4. 前記流体がジェネレータにより得られ、前記ステップｃにおいて、フロー／ノンフロートランジェントにおいて、０．３バール未満の圧力低下をもたらすように減圧するステップと、該フロー／ノンフロートランジェントにおいて高度の再現性が得られ且つ回転数と分散流との間に直線的関係が得られるように制御するステップと、出力流が０−１０ＮＬ／分となるように制御調整するステップと、を実行する、請求項１ないし３のいずれか一に記載の方法。
5. 前記ステップｅで取得される前記マイクロカプセルに、洗浄および／または天然および／または合成ポリマーによる更なるコーティングを施す、請求項１ないし４のいずれか一に記載の方法。

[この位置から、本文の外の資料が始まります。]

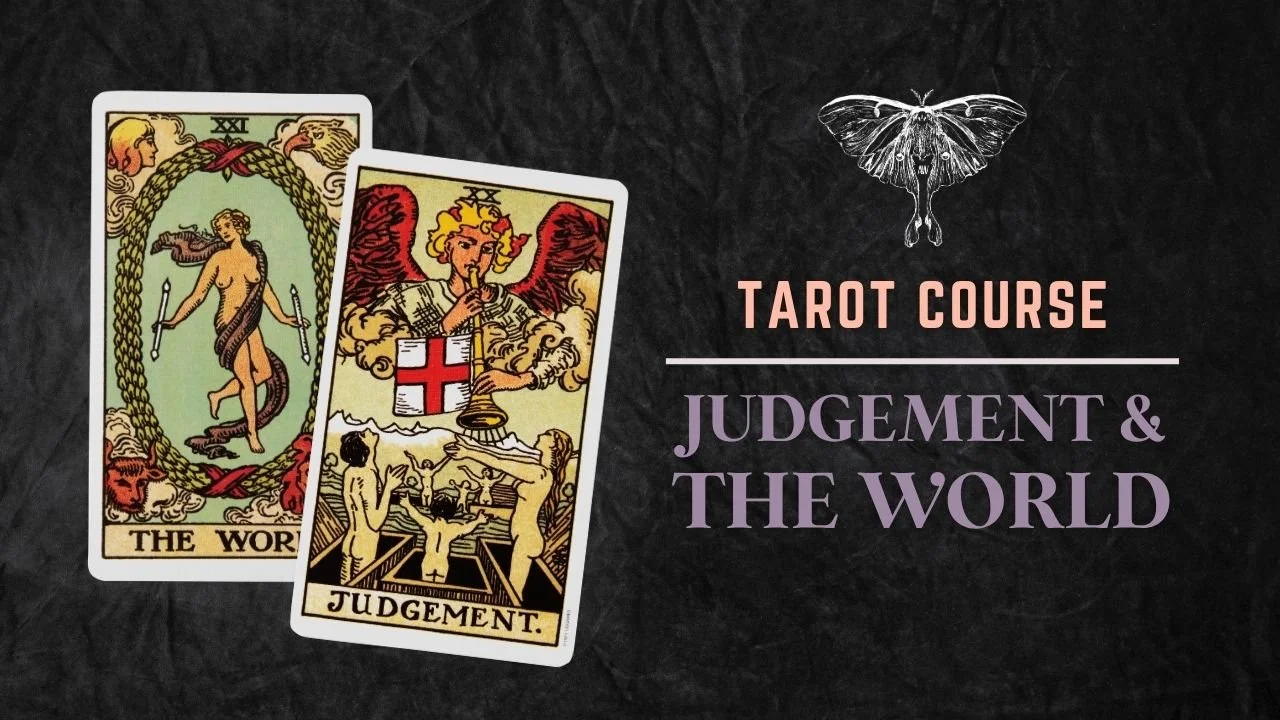 Judgement &amp; The World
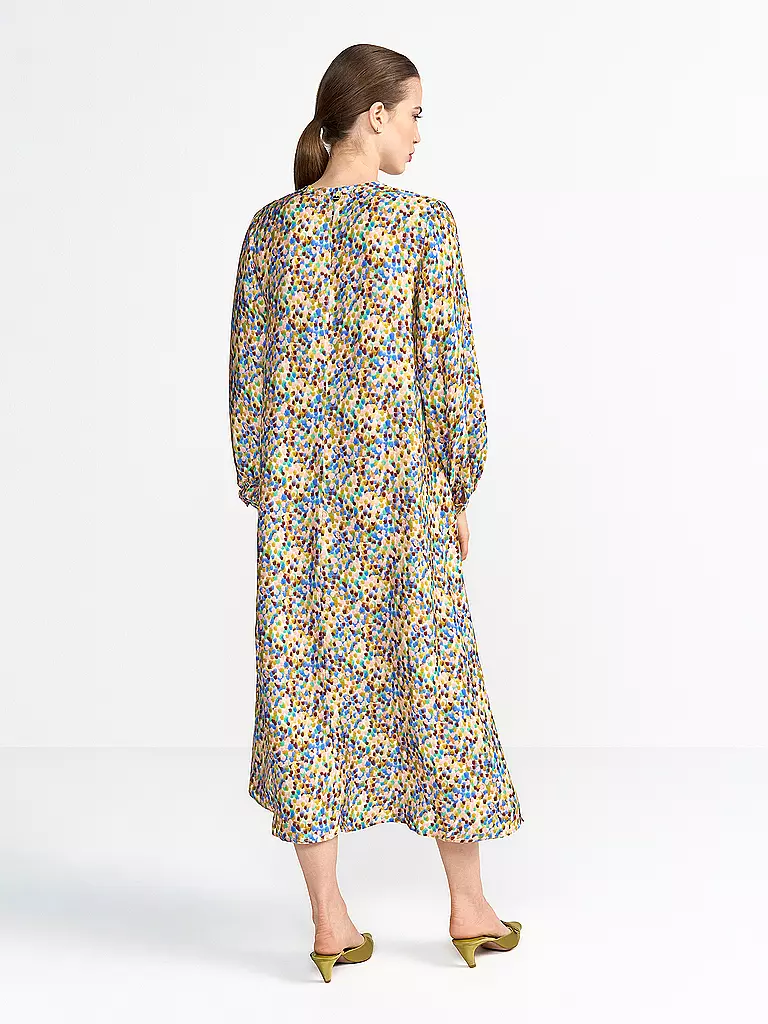 RICH & ROYAL | Midikleid  | bunt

6. １−５％ｗ／ｖ濃度の超純度アルギン酸ナトリウムの食塩溶液中で調整して得た９０％を超える細胞組織純度のセルトリ細胞（ＳＣ）の均一な懸濁液を収容する第一の容器と、ニードルタイプエレメントと、１０−６０ｍｌ／分の速度で前記第一の容器内の前記懸濁液を吸引して前記ニードルタイプエレメントに注入する搬送手段と、減圧処理により制御された圧力を有するものとされた流体を３−７リットル／分の速度で前記ニードルタイプに導入して前記ニードルタイプエレメント内で前記懸濁液を遮断して均一寸法のミクロ液滴の連続流を得る流体インミッションシステムと、前記ニードルタイプエレメントから排出された前記ミクロ液滴の連続流を収容する第二の容器と、前記第二の容器内の前記ミクロ液滴流をゲル化してマイクロカプセル化する手段と、を有してなることを特徴とするＳＣ含有マイクロカプセルの製造装置。
7. 前記流体インミッションシステムは、前記流体を制御された圧力の下でインミッションさせるために前記ニードルタイプエレメントの側面に形成されたボタンホールを有する、請求項６記載の装置。
8. 前記搬送手段は、キャッチチューブ、容積型ポンプおよびニードルタイプエレメントを有する、請求項６または７のいずれか一に記載の装置。
9. 前記インミッションシステムは、連結エレメント、空気ジェネレータおよび圧力制御手段を有する、請求項６ないし８の少なくともいずれか一に記載の装置。